The switch 1666 is for example controlled by an AND logic gate 1668, which for example has one of its inputs coupled to the output of an equality comparator 1670 and its other input coupled to the output of a “greater than” comparator 1672.

The equality comparator 1670 is for example configured to compare the n-bit word at the output of the flip-flop register bank 164 with a first zero reference block 1674, and to output a logic “1” if the n-bit word is equal to zero.

The “greater than” comparator 1672 is for example configured to compare the output of the adder circuit 1660 with an input from a second zero reference block 1676 and to output a logic “1” if the current cumulative count value is equal to zero.

Operation of the counter circuit 16 as exemplified in FIG. 3 is essentially as follows. At a frequency set by the clock 162, the current flowing through the conductor 10 is sensed, normalized as a signal IWIRE(t)/Inom, and its intensity is evaluated by the circuits 12 and 14, and the result is provided to the counter circuit 16 using the D registers.

If the signal IWIRE(t)/Inom is higher than 1 (output Y of block 220 of FIG. 2), the m-bit binary word in the register bank 164′ is set to zero and the n-bit binary word in 164 has a value that is a function of the amount that the signal IWIRE(t)/Inom is higher than 1. The counter 166 is incremented by the corresponding step size so that the increase in the count is indicative of how much the signal IWIRE(t) is higher than Inom, and no decrement is applied since the output of the comparator 1670 is a logic “0”.

If the signal IWIRE(t)/Inom is smaller than 1 (output N of block 220 of FIG. 2), the n-bit binary word in the register bank 164 is set to zero and the m-bit binary word in the register bank 164′ has a value that is a function of the amount that the signal IWIRE(t)/Inom is lower than 1. The counter 166 is not incremented since the n-bit word is at zero, and is decremented by the m-bit word if the count value is not already set to zero 1672, (output N of block 240 of FIG. 2) so that the decrease in the count is indicative of how much the signal IWIRE(t) is smaller than Inom. If the count of the counter 166 is already at zero (output Y of block 240 of FIG. 2) the output from the counter 166 remains at zero, implying that there is a NOP (No OPeration).

Those skilled in the art will appreciate that “increment” and “decrement” as exemplified herein for the opposite counting directions for the counter 166 do not represent per se a mandatory choice insofar as one or more embodiments may adopt, mutatis mutandis, a complementary choice.
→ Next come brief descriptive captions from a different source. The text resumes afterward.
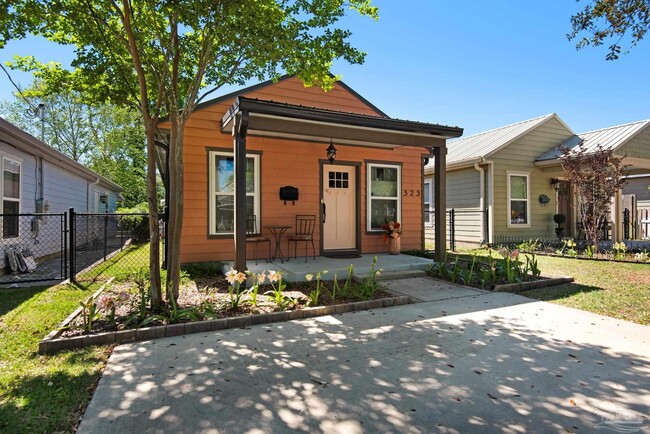 Primary Photo - 323 N Reus St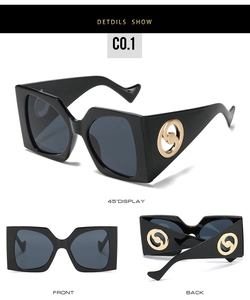 Vue en trois angles de lunettes de soleil carrées noires avec ornements dorés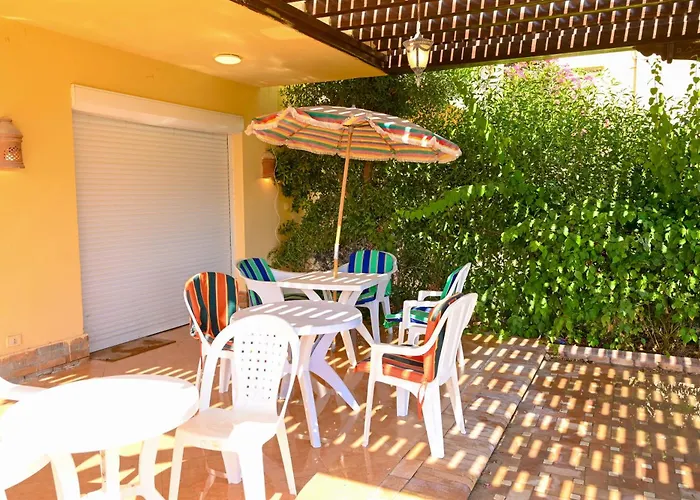 5bdr Modern Beachside Retreat In Einbay L 2nd Row *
The latch circuit 18 as exemplified in FIG. 3 includes a latch 182, which is for example reset via an input 184 (IN3) coupled to a control circuit (not illustrated) and which has its input coupled to the output of a comparator 186. The comparator 186 is for example configured to compare the output of the counter circuit 16, corresponding to the output of the adder circuit 1660, with a limit value, for instance an upper or maximum count value Counter_MAX, as provided by a limit generation circuit 188. The circuit 188 is for example coupled to an input 190 (labelled IN2) configured to receive a limit setting parameter Tnom from a setting circuit TS.
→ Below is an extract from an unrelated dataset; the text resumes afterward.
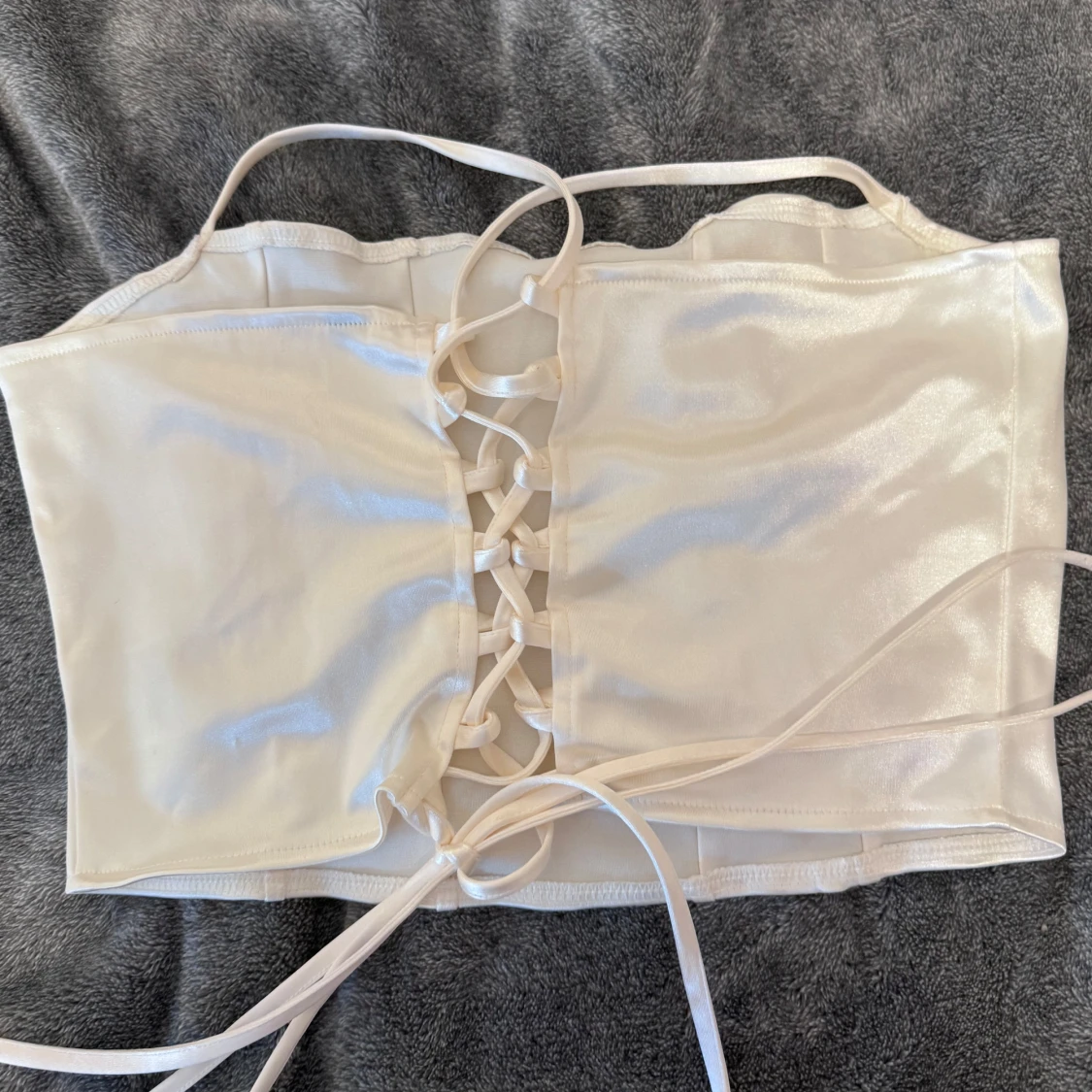 Vit croptop i faux siden - 91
The value of Tnom is for example selectively set by the setting circuit TS at a nominal value corresponding to a desired response time of the latch circuit 18, which is for example configured to latch when a certain constant current (K2.Inom, by way of non-limiting example) is sensed to flow through the conductor 10. The circuit 300 may thus be configured to operate as a sort of adjustable slow-blow/fast-blow fuse whose time of intervention can be selectively adjusted.
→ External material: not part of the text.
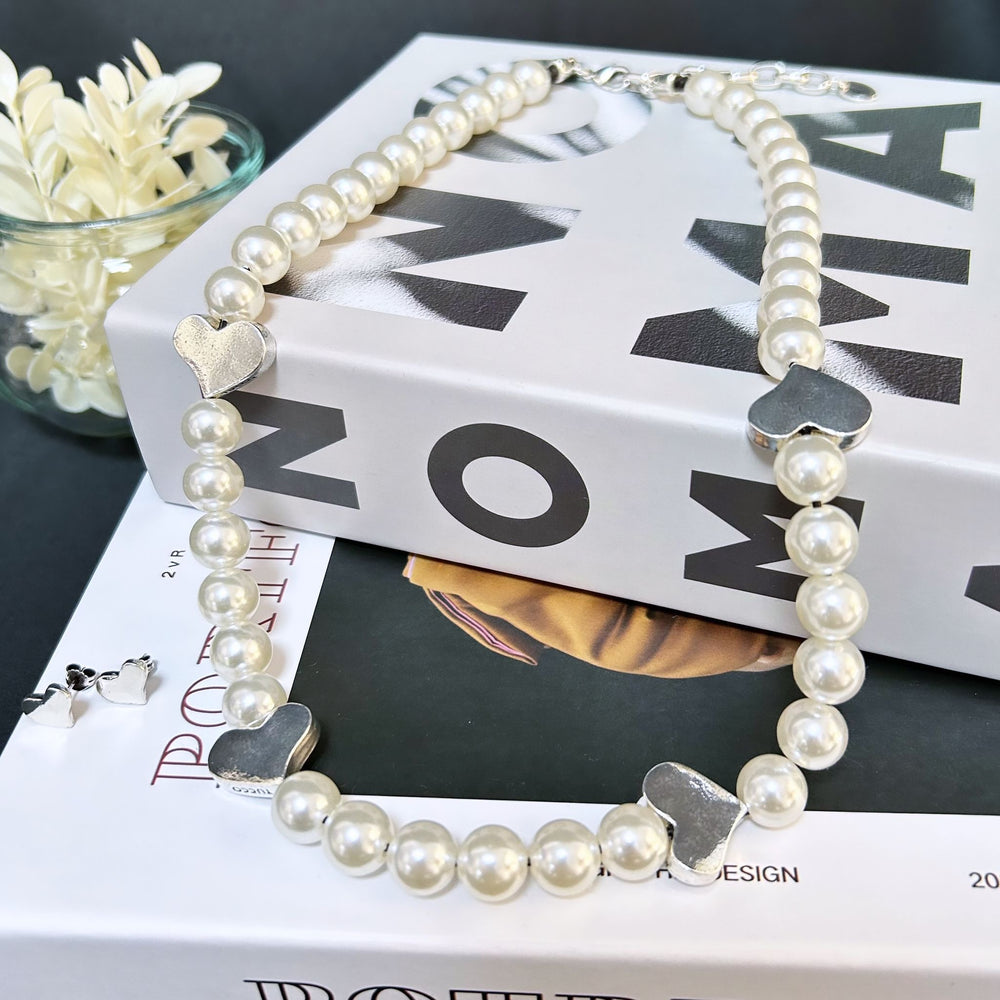 Tucco pearls necklace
It will be again appreciated that, as is the case for the circuit IS for setting the nominal value Inom for the current, the setting circuit TS for Tnom, may be a distinct circuit from the other circuits of the electronic circuit 300.

The setting circuit TS is for example implemented by appropriate circuitry, such as a lookup table or SPI (Serial Peripheral Interface) register or the like.

The latch circuit 18 as exemplified herein is for example configured to latch its output signal Out, at a node indicated as 192 in FIG. 3, to a certain logic value (logic “1” for instance) as result of the value of the counter 166 reaching the limit value, equal to the upper value Counter_MAX set via the limit generation circuit 188, for instance, determined as a function of the setting signal Tnom received at the input 190.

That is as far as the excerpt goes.